ABSTRACT

Cyber security systems have become of ground zero importance at all levels, inclusive of data, host, network, and application levels. Cyber security refers to a combination of technologies, processes, and operations that are framed to protect information systems, computers, devices, programs, data, and networks from internal or external threats, harm, damage, attacks, or unauthorized access, for example, ransomware or denial of service attacks. Machine learning algorithms as part of artificial intelligence can be clustered into supervised, unsupervised, semisupervised, and reinforcement learning algorithms. The main characteristic of ML is the automatic data analysis of large data sets and the production of models for the general relationships found among data. The research is proposed to evaluate machine learning and big data analytics paradigms for use in cyber security. The pragmatism paradigm, which is congruent with mixed method research (MMR), was used as the research philosophy. Pragmatism epitomizes the congruity between knowledge and action.

Big data has necessitated the development of big data mining tools and techniques widely referred to as big data analytics.
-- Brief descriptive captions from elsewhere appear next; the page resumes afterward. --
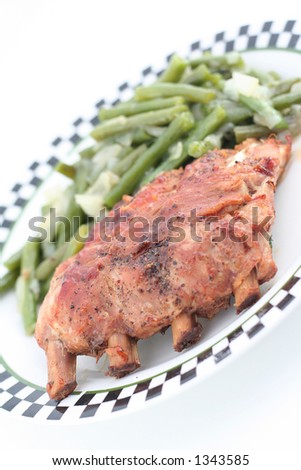baked ribs with green beans on a plate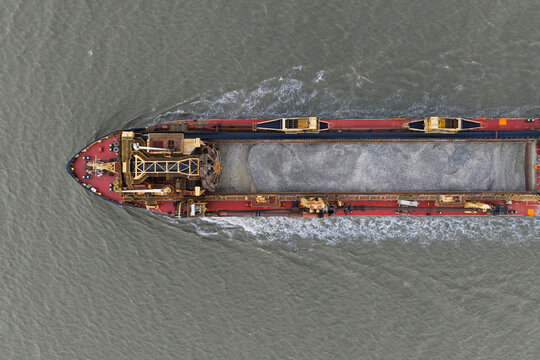 Aerial view of a large hopper dredger carrying a load of gravel through the water, leaving a wake, United Kingdom.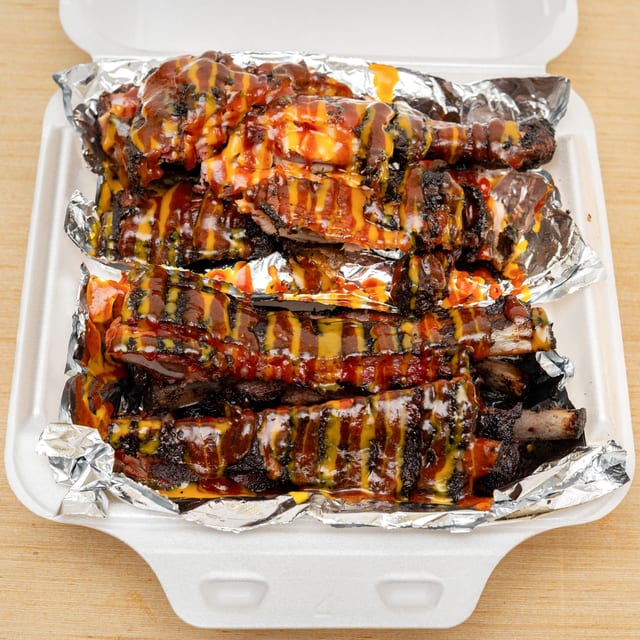 Ribs/Jerk Chicken N Mac ' Cheese N /Beans.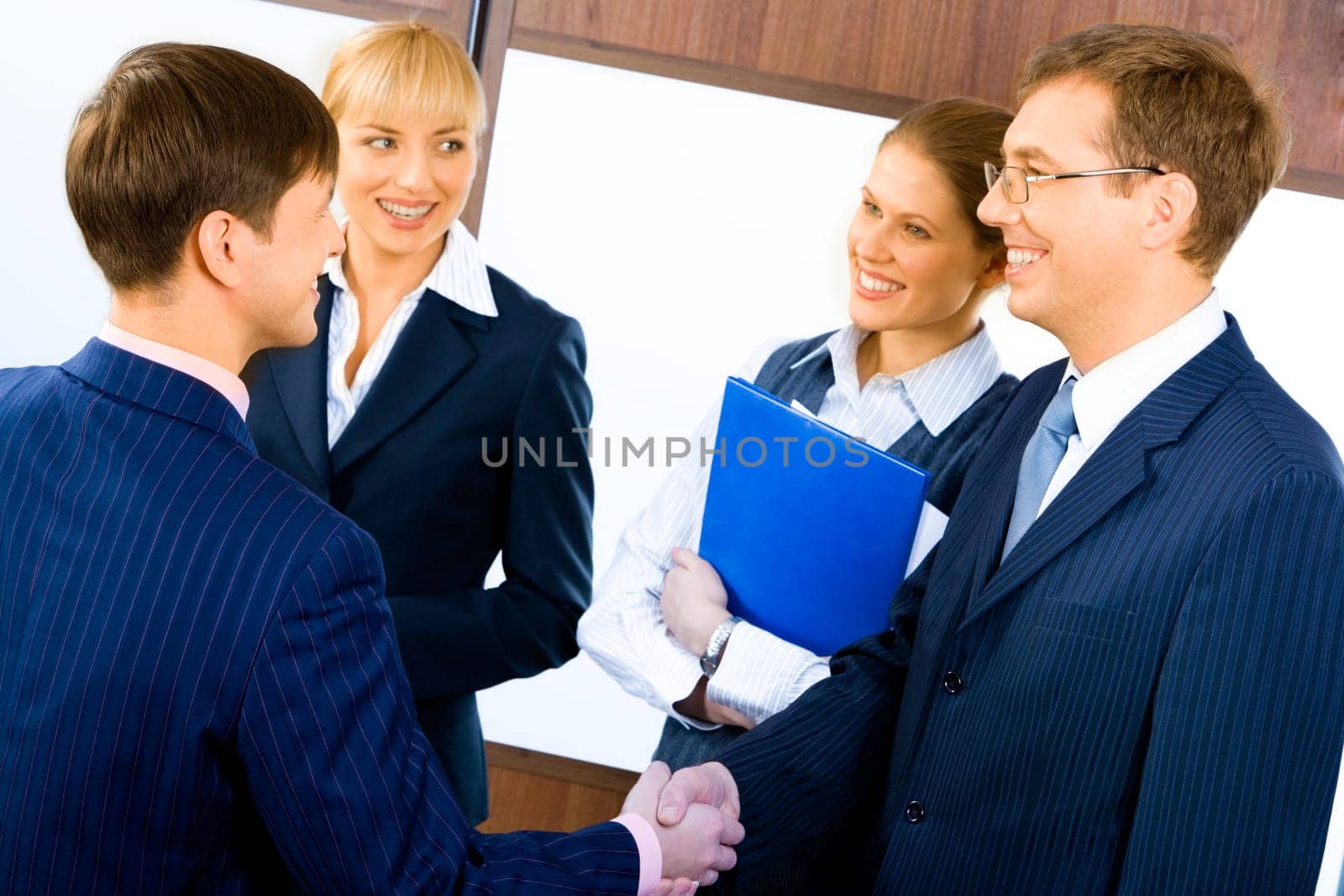 Business people shaking hands making an agreement at meeting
The information that is evaluated in big data analytics includes a mix of unstructured and semistructured data, such as social media content, mobile phone records, web server logs, and internet click stream data. Big data analytics makes use of analytic techniques such as data mining, machine learning, artificial learning, statistics, and natural language processing. In analyzing the different data analytics models for cyber security, the researcher makes reference to the characteristics of an ideal data analytics model for cyber security. However, sources of big data about cyber security have been extended to include computer-based data, mobile-based data, physical data of users, human resources data, credentials, one-time passwords, digital certificates, biometrics, and social media data. The basic framework for the big data analytics model for cyber security consists of three major components: big data, analytics, and insights. The characteristics of security data consist of heterogeneous format, diverse semantic, and correlation across data sources, and they are classified into categories such as nonsemantic data, semantic data, and security knowledge data. Cloud computing service providers typically have advanced big data analytics models, with advanced detection and prediction algorithms and better state-of-the-art cyber security technologies and better protocols because they specialize in data and networks.